I first had to find Zig bindings for GLFW, OpenGL and FreeType, and luckily the folks at zigglgen, zig-glfw and Mach had me covered.
Finding an appropriate maths library was harder. I considered many options, from continuing to use cglm (which while possible would be rather clunky and would require writing my own bindings), to native Zig options like zm and zlm, even to writing my own.
I eventually decided to go with zm, since its interface was, in my opinion, easier to use than other native Zig options, and it had all the features I used in cglm (other than noise).
Later on, I added another dependency, namely znoise (Zig bindings for FastNoiseLite).
I did try to implement OpenSimplexNoise2 myself, porting it from KdotJPG's Java implementation, but I quickly realised that it was not worth the effort, since Zig's type casting functions markedly differently from Java's type coercion.
All in all, the actual porting process was fairly painless. Zig's unique struct implementation, with methods and namespaces, along with its declarative build system made the process a lot less painless than I had imagined, since I had essentially been trying to force C to behave like Zig the entire time.
It also gave me a chance to revisit old parts of the codebase, like my SSBO and VertexBuffer 'classes', which I then rewrote to be much more user-friendly. I also gave the Uniform system a complete overhaul, introducing the concept of 'owned' uniforms, where, instead of passing pointers through global state as I had been doing, I could instead pass them directly to the Program's 'applyUniform' function.
This, while possible in C, was a direct result of porting to Zig, as it's method system was the direct inspiration for the implementation.
Even having now, as of writing, completed the port, with the Zig version at complete behaviour parity with its C counterpart, I still would like to revisit parts of the codebase that I did not have time to enhance during the process.
Primarily, I feel my text rendering solution is incredibly primitive and wasteful, since when I first wrote it I was entirely following the learnopengl.com tutorial on the topic, which while a great learning resource, is not exactly the optimal way to do things.
Conclusion and Comparison
I am very happy that I decided to port the project.
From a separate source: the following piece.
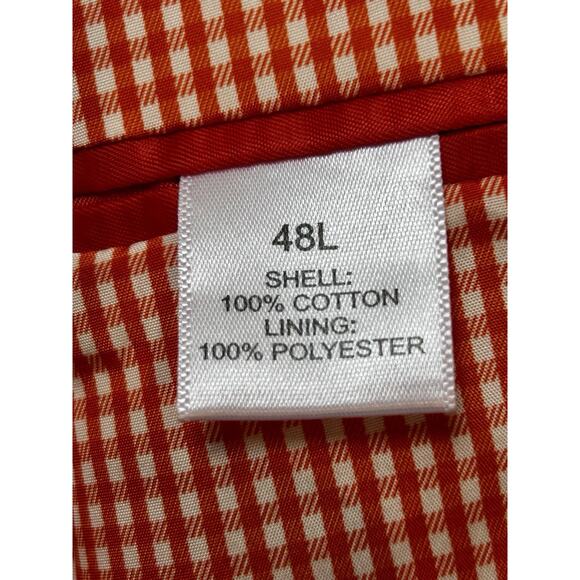 Saddlebred Mens Orange Sport Coat Two Button Solid Cotton Sz 48L - Picture 4 of 6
While C is an amazing language, and I would happily use it again, the decisions I had made during my early days of learning weighed heavily on the project in its latter stages.
The unity build strategy had unforeseen implications, forcing C to behave like an object oriented language made implementations clunkier than needed and global state manipulation heavily encumbered code legibility.
Zig remedies most of these issues, with its struct methods and 'namespaces' and easy to use build system.
Having worked with both languages, I feel confident enought to give a brief comparison:
C:
- Simple but powerful
- Wide variety of existing tooling
- Zero in built safety mechanisms
- Procedural
Zig:
- Modern
- Still in its infancy, so less tooling and more change
- In built safety mechanisms with a focus on low-to-no runtime cost
- Procedural but with comforts like namespaces and methods
- Fantastic standard library
I am looking forward to working more on this project, and I will be focussing entirely on the Zig version from now on. Future work:
- Multithreaded world ticks (possible client/server architecture)
- Texture support
- More voxel optimisations, i.e. LODs and (maybe) greedy meshing
- Faster and better terrain generation
- Player physics